**Exercise data**
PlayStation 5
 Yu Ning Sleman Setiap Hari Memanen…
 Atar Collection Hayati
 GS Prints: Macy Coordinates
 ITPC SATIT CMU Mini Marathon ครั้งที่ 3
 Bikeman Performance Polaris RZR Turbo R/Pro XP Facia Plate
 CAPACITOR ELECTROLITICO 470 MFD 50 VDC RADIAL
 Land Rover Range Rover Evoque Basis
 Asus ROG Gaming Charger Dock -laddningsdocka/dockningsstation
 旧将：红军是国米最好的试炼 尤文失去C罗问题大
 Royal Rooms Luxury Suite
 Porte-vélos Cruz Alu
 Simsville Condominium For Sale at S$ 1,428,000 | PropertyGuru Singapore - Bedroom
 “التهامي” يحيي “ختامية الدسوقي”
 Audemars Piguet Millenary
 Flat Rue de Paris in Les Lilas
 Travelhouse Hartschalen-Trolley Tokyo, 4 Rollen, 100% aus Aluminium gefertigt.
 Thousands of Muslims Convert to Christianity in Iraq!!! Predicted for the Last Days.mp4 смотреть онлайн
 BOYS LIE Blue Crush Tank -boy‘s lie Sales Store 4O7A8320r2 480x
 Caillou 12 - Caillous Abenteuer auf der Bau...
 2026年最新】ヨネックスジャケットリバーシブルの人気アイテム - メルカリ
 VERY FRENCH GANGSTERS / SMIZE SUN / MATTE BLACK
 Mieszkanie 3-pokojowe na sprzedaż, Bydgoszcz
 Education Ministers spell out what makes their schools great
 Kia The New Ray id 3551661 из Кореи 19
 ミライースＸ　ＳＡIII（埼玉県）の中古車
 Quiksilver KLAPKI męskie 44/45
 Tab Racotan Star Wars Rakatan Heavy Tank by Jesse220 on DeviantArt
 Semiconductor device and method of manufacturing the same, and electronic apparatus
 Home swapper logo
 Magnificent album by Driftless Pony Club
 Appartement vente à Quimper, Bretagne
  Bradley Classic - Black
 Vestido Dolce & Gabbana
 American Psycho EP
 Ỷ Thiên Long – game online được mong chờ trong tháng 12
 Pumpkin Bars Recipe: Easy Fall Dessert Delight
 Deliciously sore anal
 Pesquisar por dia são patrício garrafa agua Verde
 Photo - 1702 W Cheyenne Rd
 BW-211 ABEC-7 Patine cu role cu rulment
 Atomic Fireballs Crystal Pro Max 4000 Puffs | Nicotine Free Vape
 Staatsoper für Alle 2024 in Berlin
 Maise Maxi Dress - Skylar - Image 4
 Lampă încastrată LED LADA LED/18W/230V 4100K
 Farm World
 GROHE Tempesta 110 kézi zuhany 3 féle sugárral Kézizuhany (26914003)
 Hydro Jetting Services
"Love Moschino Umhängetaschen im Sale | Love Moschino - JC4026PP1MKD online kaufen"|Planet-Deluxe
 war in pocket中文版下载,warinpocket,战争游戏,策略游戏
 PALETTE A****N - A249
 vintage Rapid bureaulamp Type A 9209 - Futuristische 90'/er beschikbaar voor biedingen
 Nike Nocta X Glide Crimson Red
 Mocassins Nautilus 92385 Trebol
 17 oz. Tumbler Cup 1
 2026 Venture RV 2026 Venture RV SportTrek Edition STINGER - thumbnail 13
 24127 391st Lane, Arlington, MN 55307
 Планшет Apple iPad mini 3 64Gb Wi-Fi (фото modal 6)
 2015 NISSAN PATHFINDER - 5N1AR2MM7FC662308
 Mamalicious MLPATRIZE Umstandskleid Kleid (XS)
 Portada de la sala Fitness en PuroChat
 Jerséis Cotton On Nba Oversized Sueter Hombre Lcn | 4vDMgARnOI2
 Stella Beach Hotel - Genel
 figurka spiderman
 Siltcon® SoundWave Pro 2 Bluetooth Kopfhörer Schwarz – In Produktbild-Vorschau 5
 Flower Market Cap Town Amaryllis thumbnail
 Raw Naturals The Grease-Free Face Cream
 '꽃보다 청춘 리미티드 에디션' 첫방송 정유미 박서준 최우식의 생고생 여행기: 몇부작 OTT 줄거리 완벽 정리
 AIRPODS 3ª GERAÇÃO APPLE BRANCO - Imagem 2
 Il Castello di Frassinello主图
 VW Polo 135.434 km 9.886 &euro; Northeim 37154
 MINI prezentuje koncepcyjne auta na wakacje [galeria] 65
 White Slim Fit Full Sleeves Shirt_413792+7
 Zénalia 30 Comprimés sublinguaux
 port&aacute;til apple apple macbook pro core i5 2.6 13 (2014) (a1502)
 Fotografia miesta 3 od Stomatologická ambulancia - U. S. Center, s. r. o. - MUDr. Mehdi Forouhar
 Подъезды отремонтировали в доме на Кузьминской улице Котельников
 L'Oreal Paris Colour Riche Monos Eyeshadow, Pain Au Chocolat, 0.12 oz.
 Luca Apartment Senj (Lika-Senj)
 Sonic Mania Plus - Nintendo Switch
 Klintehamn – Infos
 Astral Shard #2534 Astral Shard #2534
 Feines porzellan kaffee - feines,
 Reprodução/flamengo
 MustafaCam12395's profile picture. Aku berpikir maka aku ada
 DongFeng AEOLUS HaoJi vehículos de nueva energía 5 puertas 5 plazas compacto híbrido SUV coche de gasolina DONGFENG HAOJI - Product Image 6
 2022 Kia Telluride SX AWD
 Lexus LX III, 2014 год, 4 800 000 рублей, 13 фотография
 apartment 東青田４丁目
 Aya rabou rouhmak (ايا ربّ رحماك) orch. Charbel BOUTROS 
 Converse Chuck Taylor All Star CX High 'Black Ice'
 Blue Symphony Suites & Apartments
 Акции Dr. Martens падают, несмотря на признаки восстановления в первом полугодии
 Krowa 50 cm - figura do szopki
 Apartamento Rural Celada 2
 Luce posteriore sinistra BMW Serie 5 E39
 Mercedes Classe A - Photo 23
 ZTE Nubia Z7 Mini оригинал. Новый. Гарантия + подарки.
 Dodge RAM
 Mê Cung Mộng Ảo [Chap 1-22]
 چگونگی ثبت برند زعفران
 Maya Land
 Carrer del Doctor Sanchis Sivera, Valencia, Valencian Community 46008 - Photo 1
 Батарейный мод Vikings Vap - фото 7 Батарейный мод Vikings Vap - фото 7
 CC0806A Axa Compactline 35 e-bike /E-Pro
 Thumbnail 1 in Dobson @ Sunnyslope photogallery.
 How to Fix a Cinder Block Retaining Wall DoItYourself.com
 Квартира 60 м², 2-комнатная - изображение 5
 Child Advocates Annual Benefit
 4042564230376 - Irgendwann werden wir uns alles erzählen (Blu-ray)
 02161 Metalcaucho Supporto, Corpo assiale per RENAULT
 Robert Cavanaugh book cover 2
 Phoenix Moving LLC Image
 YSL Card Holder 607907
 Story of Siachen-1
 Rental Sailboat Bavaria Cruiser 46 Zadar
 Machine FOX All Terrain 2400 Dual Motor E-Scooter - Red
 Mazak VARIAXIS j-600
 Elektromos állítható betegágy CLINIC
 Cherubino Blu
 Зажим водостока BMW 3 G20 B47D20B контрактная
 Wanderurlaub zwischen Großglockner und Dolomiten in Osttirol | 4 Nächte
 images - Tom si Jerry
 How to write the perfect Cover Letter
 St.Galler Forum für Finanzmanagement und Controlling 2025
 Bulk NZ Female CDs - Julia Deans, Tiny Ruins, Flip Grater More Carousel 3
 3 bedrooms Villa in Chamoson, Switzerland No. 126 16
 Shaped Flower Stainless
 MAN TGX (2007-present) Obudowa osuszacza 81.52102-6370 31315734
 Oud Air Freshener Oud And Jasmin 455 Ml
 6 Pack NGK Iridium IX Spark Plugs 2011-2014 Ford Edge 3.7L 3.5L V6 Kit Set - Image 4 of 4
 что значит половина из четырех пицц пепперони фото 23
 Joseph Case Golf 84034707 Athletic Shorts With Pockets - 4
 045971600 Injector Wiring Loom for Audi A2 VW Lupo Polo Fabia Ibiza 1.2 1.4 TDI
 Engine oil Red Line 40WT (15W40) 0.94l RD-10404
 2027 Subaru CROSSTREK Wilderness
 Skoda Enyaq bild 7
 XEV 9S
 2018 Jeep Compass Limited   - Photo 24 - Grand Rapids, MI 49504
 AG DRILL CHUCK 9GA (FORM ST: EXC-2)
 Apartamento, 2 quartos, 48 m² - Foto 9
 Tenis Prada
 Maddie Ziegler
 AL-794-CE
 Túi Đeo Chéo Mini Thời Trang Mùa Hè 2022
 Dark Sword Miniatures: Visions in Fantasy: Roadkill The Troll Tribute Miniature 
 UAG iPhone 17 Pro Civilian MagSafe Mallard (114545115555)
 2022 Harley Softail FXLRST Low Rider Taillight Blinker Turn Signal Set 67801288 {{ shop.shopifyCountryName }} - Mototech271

**Aim of the exercise**
Please give a count of the lines in the records where the word "Polo" occurs, with nothing besides it.

**Finished task**
2